Yanagihara (The People in the Trees, 2013) takes the still-bold leap of writing about characters who don’t share her background; in addition to being male, JB is African-American, Malcolm has a black father and white mother, Willem is white, and “Jude’s race was undetermined”—deserted at birth, he was raised in a monastery and had an unspeakably traumatic childhood that’s revealed slowly over the course of the book. Two of them are gay, one straight and one bisexual. There isn’t a single significant female character, and for a long novel, there isn’t much plot. There aren’t even many markers of what’s happening in the outside world; Jude moves to a loft in SoHo as a young man, but we don’t see the neighborhood change from gritty artists’ enclave to glitzy tourist destination. What we get instead is an intensely interior look at the friends’ psyches and relationships, and it’s utterly enthralling.
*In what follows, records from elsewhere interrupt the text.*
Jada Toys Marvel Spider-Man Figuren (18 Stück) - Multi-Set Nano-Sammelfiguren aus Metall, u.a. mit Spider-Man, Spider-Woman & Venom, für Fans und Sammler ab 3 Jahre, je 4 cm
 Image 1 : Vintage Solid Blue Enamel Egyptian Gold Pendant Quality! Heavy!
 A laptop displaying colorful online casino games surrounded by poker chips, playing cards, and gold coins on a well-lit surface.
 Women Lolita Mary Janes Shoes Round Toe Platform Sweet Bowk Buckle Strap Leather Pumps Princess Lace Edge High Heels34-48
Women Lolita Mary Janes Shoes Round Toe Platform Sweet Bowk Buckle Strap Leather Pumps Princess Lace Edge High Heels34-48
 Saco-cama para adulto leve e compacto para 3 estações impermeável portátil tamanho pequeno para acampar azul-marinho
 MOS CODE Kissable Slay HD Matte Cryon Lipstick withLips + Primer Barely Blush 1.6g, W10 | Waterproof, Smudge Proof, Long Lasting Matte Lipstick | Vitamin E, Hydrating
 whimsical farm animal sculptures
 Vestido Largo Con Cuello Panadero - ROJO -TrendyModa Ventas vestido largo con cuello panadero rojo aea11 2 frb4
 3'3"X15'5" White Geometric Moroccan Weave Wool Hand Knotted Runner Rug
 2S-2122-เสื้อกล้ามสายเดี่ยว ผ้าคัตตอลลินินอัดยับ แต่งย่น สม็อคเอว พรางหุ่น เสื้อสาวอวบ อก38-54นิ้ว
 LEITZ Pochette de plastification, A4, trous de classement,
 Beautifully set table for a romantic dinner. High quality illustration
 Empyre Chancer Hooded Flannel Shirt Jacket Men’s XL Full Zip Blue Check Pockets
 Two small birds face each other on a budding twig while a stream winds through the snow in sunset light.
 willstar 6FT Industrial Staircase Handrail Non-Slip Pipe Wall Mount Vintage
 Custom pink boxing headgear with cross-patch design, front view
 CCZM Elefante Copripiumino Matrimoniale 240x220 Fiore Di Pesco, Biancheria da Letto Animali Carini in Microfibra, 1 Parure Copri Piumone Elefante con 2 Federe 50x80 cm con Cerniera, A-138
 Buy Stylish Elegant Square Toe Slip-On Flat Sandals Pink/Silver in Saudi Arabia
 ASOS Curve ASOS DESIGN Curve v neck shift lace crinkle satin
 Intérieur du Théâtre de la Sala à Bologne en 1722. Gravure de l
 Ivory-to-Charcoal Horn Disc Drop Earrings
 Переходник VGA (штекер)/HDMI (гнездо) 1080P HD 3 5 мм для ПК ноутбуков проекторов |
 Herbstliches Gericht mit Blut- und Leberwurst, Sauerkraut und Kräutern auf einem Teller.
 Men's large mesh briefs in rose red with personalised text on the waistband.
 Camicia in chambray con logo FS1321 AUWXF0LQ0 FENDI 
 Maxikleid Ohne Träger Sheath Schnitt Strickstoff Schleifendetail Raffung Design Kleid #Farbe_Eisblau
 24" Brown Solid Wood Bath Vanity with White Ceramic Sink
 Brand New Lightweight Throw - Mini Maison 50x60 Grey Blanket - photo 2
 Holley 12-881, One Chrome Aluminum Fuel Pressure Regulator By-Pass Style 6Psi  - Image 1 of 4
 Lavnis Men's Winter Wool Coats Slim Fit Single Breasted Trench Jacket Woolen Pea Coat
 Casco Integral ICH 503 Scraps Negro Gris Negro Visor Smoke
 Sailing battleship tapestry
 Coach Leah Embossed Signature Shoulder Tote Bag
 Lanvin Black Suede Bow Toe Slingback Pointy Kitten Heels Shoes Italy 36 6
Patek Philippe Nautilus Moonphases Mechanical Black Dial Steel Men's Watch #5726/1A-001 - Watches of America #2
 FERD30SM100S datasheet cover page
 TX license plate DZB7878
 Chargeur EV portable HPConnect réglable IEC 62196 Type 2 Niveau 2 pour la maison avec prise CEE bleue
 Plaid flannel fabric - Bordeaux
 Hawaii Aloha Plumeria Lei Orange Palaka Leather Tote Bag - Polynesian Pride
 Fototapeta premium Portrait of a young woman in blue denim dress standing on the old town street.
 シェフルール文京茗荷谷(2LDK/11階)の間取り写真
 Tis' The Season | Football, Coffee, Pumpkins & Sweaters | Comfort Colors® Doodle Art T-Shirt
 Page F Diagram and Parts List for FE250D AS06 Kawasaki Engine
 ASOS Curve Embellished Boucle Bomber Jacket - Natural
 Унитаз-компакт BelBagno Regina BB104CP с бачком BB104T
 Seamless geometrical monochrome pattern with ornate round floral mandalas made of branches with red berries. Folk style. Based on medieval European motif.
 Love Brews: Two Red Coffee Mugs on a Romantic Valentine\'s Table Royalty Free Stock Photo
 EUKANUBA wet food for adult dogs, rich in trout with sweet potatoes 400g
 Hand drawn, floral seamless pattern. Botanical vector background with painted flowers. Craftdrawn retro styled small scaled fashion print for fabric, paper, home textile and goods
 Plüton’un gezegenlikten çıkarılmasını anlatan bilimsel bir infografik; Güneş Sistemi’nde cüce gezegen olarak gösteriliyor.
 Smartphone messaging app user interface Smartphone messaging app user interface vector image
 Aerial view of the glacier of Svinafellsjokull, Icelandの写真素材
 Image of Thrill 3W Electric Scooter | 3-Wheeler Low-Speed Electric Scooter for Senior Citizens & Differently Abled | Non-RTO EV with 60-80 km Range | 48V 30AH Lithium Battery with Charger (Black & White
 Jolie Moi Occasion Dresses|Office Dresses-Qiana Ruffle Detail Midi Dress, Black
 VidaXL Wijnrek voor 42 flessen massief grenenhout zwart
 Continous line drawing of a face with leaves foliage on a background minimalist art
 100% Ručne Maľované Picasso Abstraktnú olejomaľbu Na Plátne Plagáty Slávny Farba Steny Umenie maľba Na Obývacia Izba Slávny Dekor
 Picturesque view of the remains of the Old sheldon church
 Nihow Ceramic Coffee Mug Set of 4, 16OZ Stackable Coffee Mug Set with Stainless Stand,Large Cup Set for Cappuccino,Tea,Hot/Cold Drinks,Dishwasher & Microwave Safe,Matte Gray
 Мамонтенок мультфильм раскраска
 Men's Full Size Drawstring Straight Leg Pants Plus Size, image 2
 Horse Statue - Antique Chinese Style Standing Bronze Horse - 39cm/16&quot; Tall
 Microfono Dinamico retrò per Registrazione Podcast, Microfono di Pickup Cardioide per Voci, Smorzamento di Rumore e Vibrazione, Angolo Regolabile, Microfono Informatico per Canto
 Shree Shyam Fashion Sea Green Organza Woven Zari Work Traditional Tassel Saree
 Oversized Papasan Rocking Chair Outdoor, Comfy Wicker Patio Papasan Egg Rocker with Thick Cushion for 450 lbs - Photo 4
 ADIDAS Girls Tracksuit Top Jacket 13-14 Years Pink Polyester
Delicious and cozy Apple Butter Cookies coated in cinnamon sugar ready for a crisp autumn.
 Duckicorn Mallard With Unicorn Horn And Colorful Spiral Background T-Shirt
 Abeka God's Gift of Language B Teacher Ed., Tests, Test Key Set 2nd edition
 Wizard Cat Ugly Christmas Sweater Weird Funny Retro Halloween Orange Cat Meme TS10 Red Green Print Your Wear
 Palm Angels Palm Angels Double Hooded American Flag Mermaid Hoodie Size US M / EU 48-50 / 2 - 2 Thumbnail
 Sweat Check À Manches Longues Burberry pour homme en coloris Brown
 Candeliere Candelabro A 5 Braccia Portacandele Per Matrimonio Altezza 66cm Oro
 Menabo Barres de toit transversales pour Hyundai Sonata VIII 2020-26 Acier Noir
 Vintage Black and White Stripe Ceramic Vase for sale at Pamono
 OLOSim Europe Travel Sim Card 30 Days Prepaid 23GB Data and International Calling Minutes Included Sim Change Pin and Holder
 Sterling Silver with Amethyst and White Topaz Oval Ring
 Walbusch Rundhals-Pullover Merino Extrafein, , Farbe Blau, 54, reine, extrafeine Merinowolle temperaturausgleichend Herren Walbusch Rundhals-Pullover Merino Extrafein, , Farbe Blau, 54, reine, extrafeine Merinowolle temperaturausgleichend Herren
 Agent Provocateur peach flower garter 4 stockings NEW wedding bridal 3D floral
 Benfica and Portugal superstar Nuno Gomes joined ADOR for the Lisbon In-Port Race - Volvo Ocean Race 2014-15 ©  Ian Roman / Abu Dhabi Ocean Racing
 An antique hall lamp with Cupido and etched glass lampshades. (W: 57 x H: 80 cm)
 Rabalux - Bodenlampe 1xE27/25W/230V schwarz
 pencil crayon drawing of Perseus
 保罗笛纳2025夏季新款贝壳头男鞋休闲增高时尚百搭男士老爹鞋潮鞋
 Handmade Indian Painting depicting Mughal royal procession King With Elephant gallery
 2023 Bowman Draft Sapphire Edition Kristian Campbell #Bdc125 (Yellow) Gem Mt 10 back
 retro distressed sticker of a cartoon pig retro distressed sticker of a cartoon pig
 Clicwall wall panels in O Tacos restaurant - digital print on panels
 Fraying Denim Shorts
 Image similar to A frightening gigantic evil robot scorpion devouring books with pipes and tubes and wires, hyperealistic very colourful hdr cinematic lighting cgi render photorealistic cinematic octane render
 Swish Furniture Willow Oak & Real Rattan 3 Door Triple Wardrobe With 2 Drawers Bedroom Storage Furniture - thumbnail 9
The four men think about work and creativity and success and failure; they cook for each other, compete with each other and jostle for each other’s affection. JB bases his entire artistic career on painting portraits of his friends, while Malcolm takes care of them by designing their apartments and houses. When Jude, as an adult, is adopted by his favorite Harvard law professor, his friends join him for Thanksgiving in Cambridge every year. And when Willem becomes a movie star, they all bask in his glow. Eventually, the tone darkens and the story narrows to focus on Jude as the pain of his past cuts deep into his carefully constructed life.  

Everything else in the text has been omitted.